Dit project documenteert voor het eerst de verspreiding van parasitaire groepen (en mogelijke vectoren) onder gewervelde landdieren, waaronder dinosauriërs, tijdens het Mesozoïcum. Verspreidingen kunnen veranderingen in gastheren in de loop van de tijd suggereren, met mogelijke gevolgen voor de conditie van de gastheer en gemeenschappen al in het Krijt. Dit zou het mogelijk maken te ontcijferen hoe taxa van parasieten daadwerkelijk werden verspreid in groepen van ecologisch dominante terrestrische gewervelde dieren in de geschiedenis van het leven, en deze hebben beïnvloed.

PARADI2S vertegenwoordigt het allereerste integratieve en multidisciplinaire project gewijd aan fossiel (niet-kwartair) parasitisme. Het feit dat honderden miljoenen jaren oude parasitaire relaties kunnen worden gedocumenteerd door fossielen, is grotendeels onbekend voor het publiek, maar wordt zelfs vaak genegeerd door evolutionaire biologen en paleontologen zelf. Het verspreidingsplan van PARADI²S bestaat daarom uit een valorisatiestrategie richting (1) algemeen niet-wetenschappelijk publiek en (2) evolutiebiologen. Uiteindelijk zal (3) de gemeenschap van parasitologen en onderzoekers van pathogene ziekten het doelwit zijn om PARADI2S-resultaten te communiceren.
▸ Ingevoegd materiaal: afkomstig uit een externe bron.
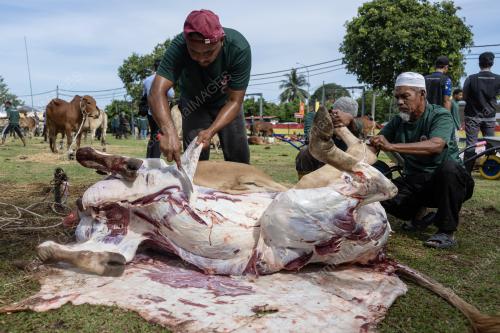 MAJLIS IBADAT KORBAN HARI RAYA AIDILADHA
Het project biedt ook een interessante nieuwe context voor het testen van momenteel technisch ontwikkelde algoritmen voor semi-automatische detectie/telling van endoparasieten in feces (4). Op een bredere schaal zal PARADI²S het potentieel aantonen van een van de meest ondergewaardeerde fossielen, aangezien fossiele uitwerpselen vrij veel voorkomende fossielen zijn in tal van terrestrische en mariene ecosystemen, maar meestal worden gezien als objecten van nieuwsgierigheid. Waar archeoparasitologie nog steeds routinematig wordt toegepast om aspecten van quartaire praktijken (voedings-, sanitaire en landbouwpraktijken, migraties en culturele uitwisselingen, etnogeneeskunde of domesticatie) te documenteren, zou PARADI²S een mijlpaal zijn in de ontwikkeling van paleoparasitologie om verschillende ecologische aspecten van het fanerozoïcum te reconstrueren. ecosystemen.